Figure 2 shows the relationship between housing unaffordability and residential age segregation for rentals, in urban compared to rural areas. While the analysis provides a similar picture to that for housing sales, particularly in minor and major conurbations (within and outside London) for the younger age groups (e.g. 20–24) and across the majority of older age groups, it is clear that the association is weaker or non-significant in the analysis with information on rentals. For instance, a one-unit increase in the levels of unaffordability for rentals is associated with 65% and 20% increases in age segregation for the age groups 20–24 versus 60–64 in minor conurbations and major conurbations outside London respectively. In contrast, a one-unit increase in unaffordability levels for rentals is associated with a 12% increase in age segregation for the age groups 25–29 versus 60–64 in major conurbations outside London, but non-significant in minor conurbations. Although the results seem to indicate that unaffordable housing for sales is having a greater impact on age segregation than unaffordable housing for rentals, the latter also seems to have a detrimental effect on age segregation in major conurbations, including London. Further, the evidence suggests that unaffordable housing for rentals may not only be having an impact on residential age segregation in large cities like London where house prices tend to be highest, but may also be affecting the other urban areas, with the exception of cities and towns.

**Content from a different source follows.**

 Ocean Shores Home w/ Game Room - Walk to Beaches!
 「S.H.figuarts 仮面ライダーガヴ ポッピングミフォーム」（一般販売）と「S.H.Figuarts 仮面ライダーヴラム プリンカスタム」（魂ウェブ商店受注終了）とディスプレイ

Parameter estimates for residential age segregation in urban and rural areas associated with housing unaffordability (for rentals), for pair-wise age comparisons, England and Wales, 2011: (a) 20–24 year olds compared with older age groups and (b) 35–39 year olds compared with older age groups.
While the analyses presented offer a consistent pattern of the detrimental effects of housing unaffordability for residential age segregation in urban areas, the findings for rural areas are more heterogeneous. It is possible that this is a result of sales and, above all, housing units available to let being less well represented in rural areas, thus making any association between unaffordability and segregation less pronounced or even non-significant.
Figure 3 further nuances our understanding of the geographical variation in the relationships between housing unaffordability and increased residential age segregation by taking into account the socio-economic contexts of the dynamics of residential age sorting. Figure 3 presents the change in age segregation associated with housing affordability for house buying (sales) for areas grouped by levels of household deprivation. Since our previous analysis highlighted that the widespread trend of increasing residential age segregation associated with increasing housing unaffordability is particularly marked in urban areas, results are only shown for these areas and for four combinations of 10-year age groups from ages 20–29 to 70–79.

Parameter estimates for residential age segregation associated with housing unaffordability (for sales) in urban areas through pair-wise age comparisons and quintiles of area-level household deprivation, England and Wales, 2011.
The results reveal that the least deprived areas (Q1) systematically display the strongest association with age segregation levels (see Supplemental Appendices 1–4 for full models). Thus, an increment of unaffordability in the least deprived areas for sales is associated with the largest increases in age segregation as demonstrated by the following pair-wise combinations: 20–29 versus 60–69 (27%), 20–29 versus 70–79 (21%), 30–39 versus 60–69 (16%) or 30–39 versus 70–79 (13.5%). Meanwhile, the opposite is found in the most deprived areas (Q5) where an increment of unaffordability for sales is associated with the largest decreases in age segregation for the same age pair-wise combinations: 20–29 versus 60–69 (−17%), 20–29 versus 70–79 (26.5%), 30–39 versus 60–69 (−18.5%) or 30–39 versus 70–79 (−29%). A very similar relationship is identified when information about unaffordability for rentals is used (Figure 4). The least deprived areas (Q1) systematically display the strongest association with regard to age segregation levels, although the impact of unaffordability levels for rentals is clearly more pronounced than for sales (see Supplemental Appendices 1–4 for full models). In other words, the effect of unaffordability (for sales and rentals) on age segregation is greatest in the least deprived areas, and this implies that age-related processes are integral to the more broadly observed trends of increasing spatial (socio-economic) polarisation.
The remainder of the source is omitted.